Comparison experiments between different loss functions and weight regularization techiniques. For these experiments I chose DCGAN architecture.
Comparisons:
- BCE loss vs. W-loss
- Gradient penalty (GP) vs. Spectral norm (SN)
- Transposed Conv (Deconv) vs. Upsampling + Conv (for intermadiate layers)
- BatchNorm (BN) vs. No BatchNorm
Every model was trained for 50 epochs using Simpson Faces dataset from Kaggle. To be more precise, using a cleaned (a bit) version of its cropped
data.
❕ Experiments were not meant to demonstrate the best looking generated images. Rather effects of different training stabilization techniques. Feel free to play around with model architectures/hyperparameters/number of epochs to achieve better results.

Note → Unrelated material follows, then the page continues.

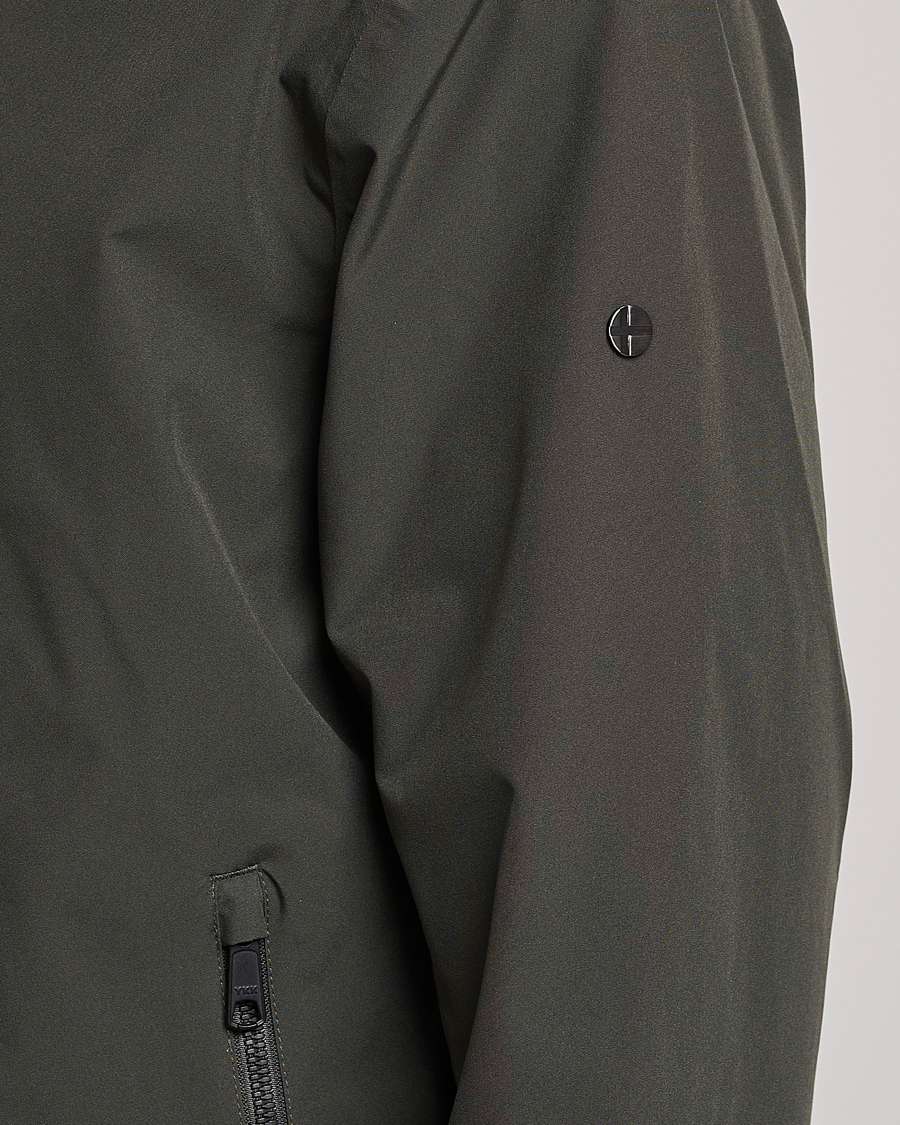 Hombres | Abrigos y chaquetas | Scandinavian Edition | Plain Waterproof Jacket Dark Olive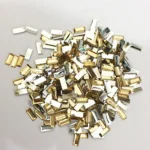 3*6mm Rectangle Shape Kundan Stone Gold Color (10Grams)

❕❕ Nor results were meant to estimate general "goodness" of any tested combination of techniques. One should make decisions according to their specific case.
- Clone the repository
git clone https://github.com/ivankunyankin/gan.git
cd gan
- Create an environment and install the dependencies
python3 -m venv env
source env/bin/activate
pip3 install -r requirements.txt
cd
into the directory of the model you want to train
In order to start training you need to run:
python3 train.py
Add --upsample
flag if you want to train an upsampling + conv generator
You can play around with hyper-parameters values. You will find them in the same config.yml
You can watch the training process and see the intermediate results in tensorboard. Run the following:
tensorboard --logdir logs/
On the images below you can see that when using BCE as a loss function, removing BatchNorm led to a mode collapse. Which at the same time is not true when using Upsampling + Conv instead of Deconv layers. Changing the way we increse the intermediate image size indeed can help with low-level artificats inherent to Transposed convolutions. But most importantly, take a look at the colors. They are much less saturated with BCE than with W-loss.
With W-loss colors are much better than with BCE loss. Interestingly, BatchNorm didn't improve image quality. As for the image size increasing techniques, it seems that they have shown comparable results. Deconv produced a bit more head-like shaped objects but I think that neither the difference is significant nor the results are trustworthy enough to say that one is better than the other.
Overall, experiments with spectral norm were not successful. Although, that can happen because this approach is just more sensitive to the model architecture and hyperparameters during training, given that it is a bit harder weight normalization technique than gradient penalty.